Naturalism can easily explain how the universe came to contain physically irreducible conscious occurrences. It can do so by supposing that, among the fundamental laws governing the universe, there are some according to which, whenever such-and-such complex nonconscious occurrences occur, so-and-so conscious occurrences occur; perhaps such a law says that, whenever a human brain attains a certain kind and degree of complexity, a pain is experienced. Given such laws, the capacity for consciousness that some creatures enjoy, like the capacity for breathing, can be explained as having arisen through natural selection. Through mutation, some creature was born with a brain of the requisite kind and degree of complexity to generate conscious experiences; and then, because these experiences increased the creature's fitness, such creatures were selected for.

However Moreland charges that such attempts to accommodate consciousness within an atheistic worldview are ad hoc and contrived and fail to take into account many features of conscious experience.
Moreland spends much of the book defending this premise against philosophers, such as Michael Martin, who accept pluralist naturalism. He also critiques contemporary philosophers of mind such as John Searle, Timothy O' Connor, Colin McGinn, David Skriba, Philip Clayton and Jaegwon Kim, who attempt to account for consciousness.

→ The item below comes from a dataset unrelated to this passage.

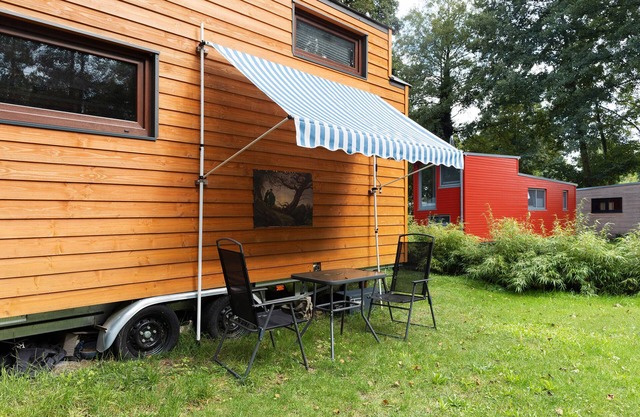 Tiny Home 'Ernesto' with Private Garden, Wi-Fi and Air Conditioning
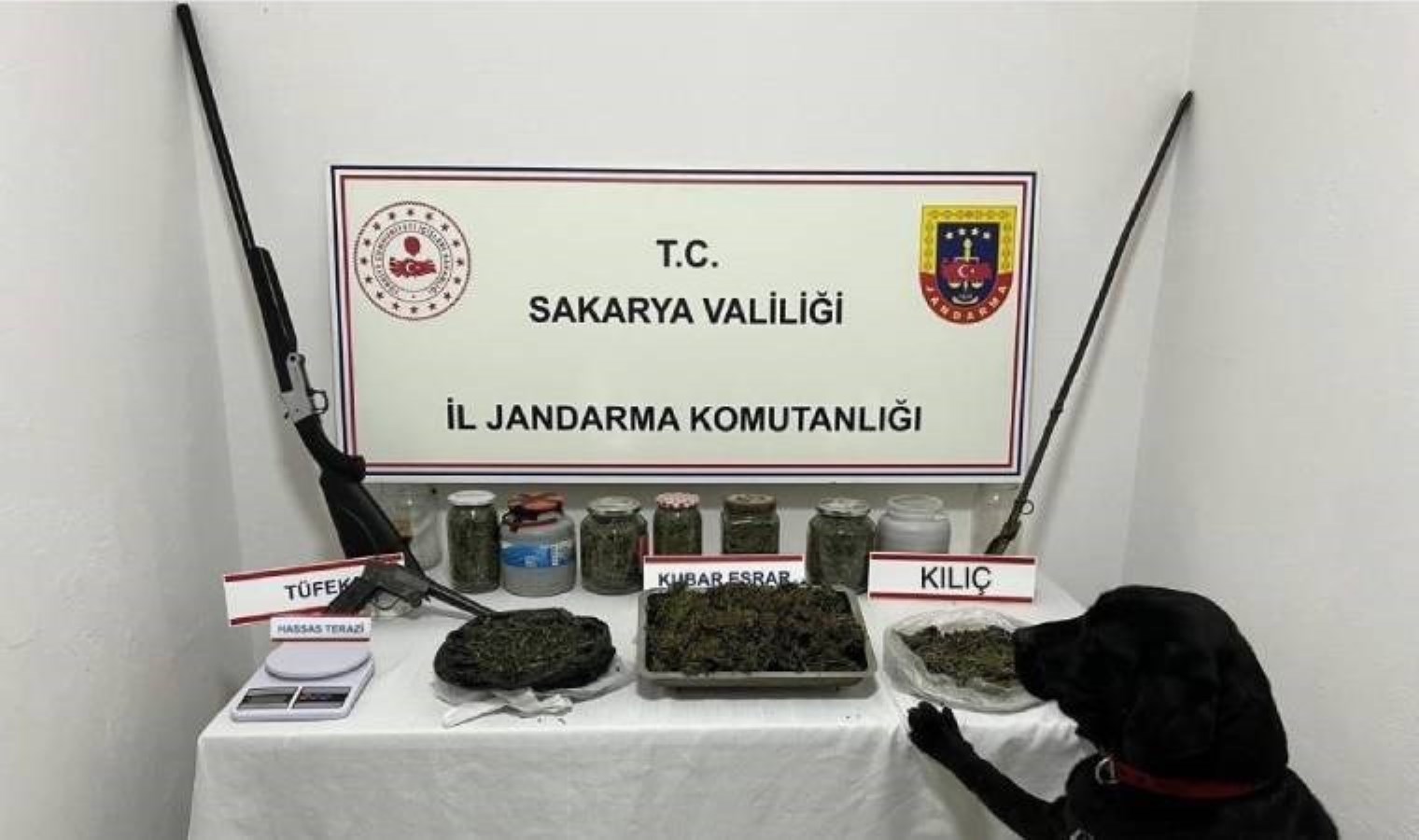 Uyuşturucu operasyonu düzenlenen evden kılıç çıktı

Finally, one can also question premise eight: why does a personal explanation have to lead to monotheistic (as opposed to deistic or polytheistic) accounts of intention? However, Moreland maintains that questioning these minor premises is of little consolation to the naturalist as they essentially constitute intramural theist debates, and that for most westerners theism is the only viable candidate to accommodate personal explanations. Similarly Occam's razor can be applied so only one personal agent is required.